Figure 7. 57-year-old woman with lung cancer. Six month follow-up PET/CT showing marked improvement in the primary lesion (arrow) and non-significant decrease in soft tissue pericardial density, when compared to the prior PET scan.
Discussion
The focal mediastinal uptake in the FDG/PET imaging has been described, which on CT confirm the activity to be either in the brown adipose tissue or in the lymph node (1-4). PET with CT can usually identify suspicious lymph nodes that require biopsy (5). Hypermetabolic brown fat can be localized to the mediastinum and manifests as focal increased FDG uptake. Knowledge of this potential pitfall and precise localization with fusion PET/CT are important in preventing misinterpretation as malignancy (2). In most of the cases, the location, symmetry and shape of the FDG uptake can differentiate benign tissue from malignancy. Typical supraclavicular adipose tissue is bilateral, curvilinear, symmetric and elongated; the appearance is rarely confused with malignancy. The mediastinal adipose tissue uptake can be seen in the following areas: azygous vein, brachiocephalic artery, interatrial septum, hemiazygous vein, azygoesophageal recess, pericardial, prevascular and paratracheal adipose tissue. The benign FDG uptake in mediastinal adipose tissue is usually focal and spherical (2). Positive mediastinal FDG uptake is considered abnormal, when it is substantially larger than mediastinal blood pool activity. However, the mediastinal F-18 FDG uptake is less specific and could be seen in many different disease entities, which includes infection, inflammation, breathing motion artifact and atrial appendage radiotracer. These entities may also simulate mediastinal primary or secondary malignancy. Due to the imperfect specificity of positron emission tomography, biopsies recommended for all PET positive mediastinal lymph nodes in order to confirm or rule out metastasis (6). Though, there are no SUV cut offs for malignancy and furthermore there is a lot of SUV variability based on different acquisitions and timing of scan relative to dose, the SUV ratio can distinguish benign vs. malignant focus.
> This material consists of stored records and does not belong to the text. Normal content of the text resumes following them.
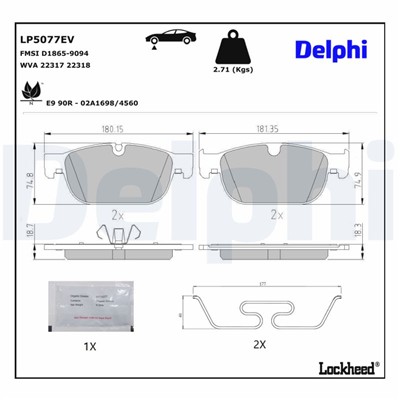 DELPHI LP5077EV EAN: 5012759602294.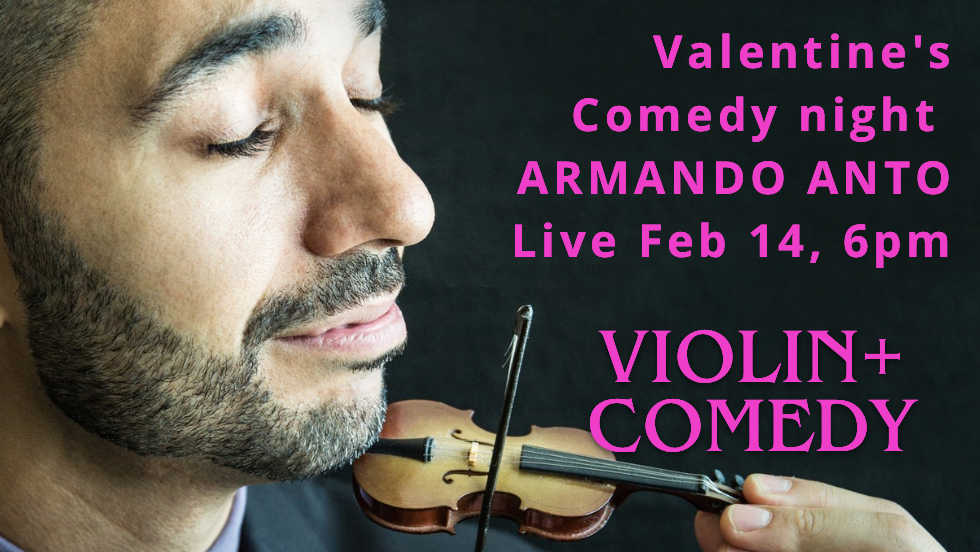 ARMANDO ANTO LIVE FOR ST VALENTINE IN LA  (Romantic night)
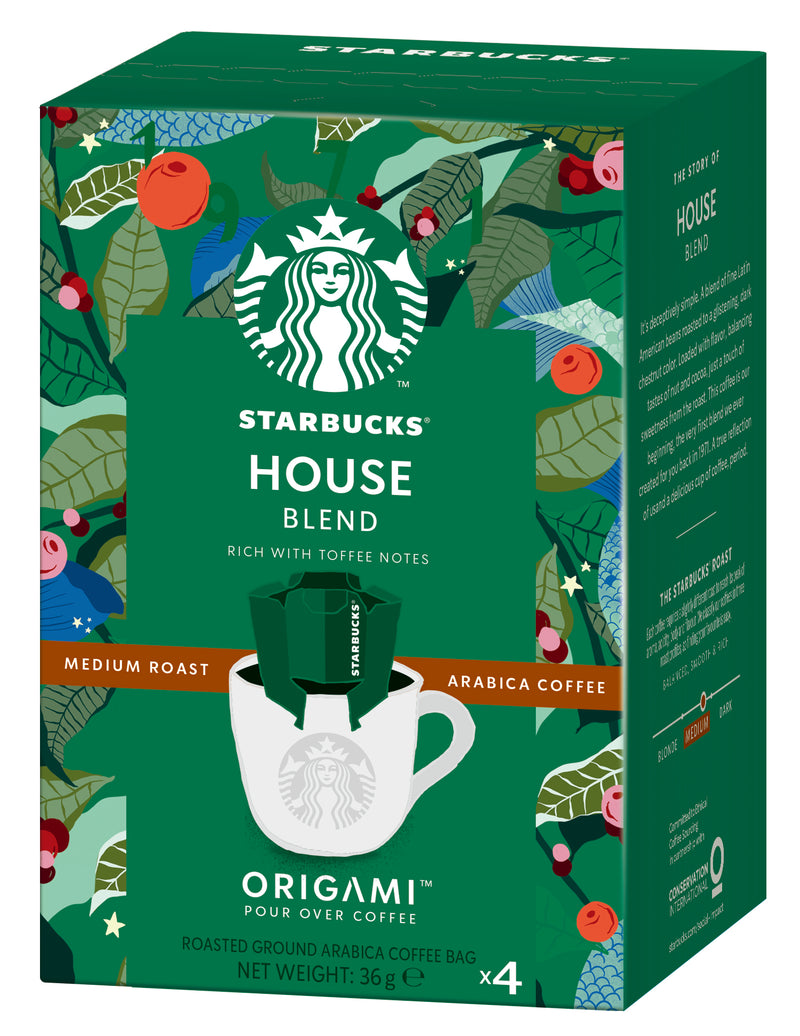 星巴克™ Origami™ House Blend 掛耳式滴漏咖啡 (產品有效期至: 2024年8月31日)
The ratio of the maximum SUV of the mediastinal (N2) lymph node to the maximum SUV of the primary tumor in patients with non small-cell lung cancer predicts mediastinal nodal pathology. When the ratio is 0.56 or greater, there is a 94% chance that the node is malignant. In our case, the ratio was 0.30(again, the ratio may take into account the different techniques used at different centers (7)). In non-small cell lung cancer, PET may reduce the necessity for mediastinoscopy when the primary lesion standardized uptake value is less than 2.5 and the mediastinum is PET negative (8).
In the case present, we were unable to distinguish normal brown fat from the metastatic lymph node on CT. As it is highly unusual to have contralateral pericardial mediastinal node activity without intervening ipsilateral nodal activity, the involvement of the ipsilateral precarinal lymph node raised the suspicion of malignancy in the contralateral pericardial hypermetabolic tissue. The SUV ratio of the suspected lymph node to the primary malignancy may have potentially suggested benign nature of the lymph node. Further evaluation with biopsy confirmed it as brown fat.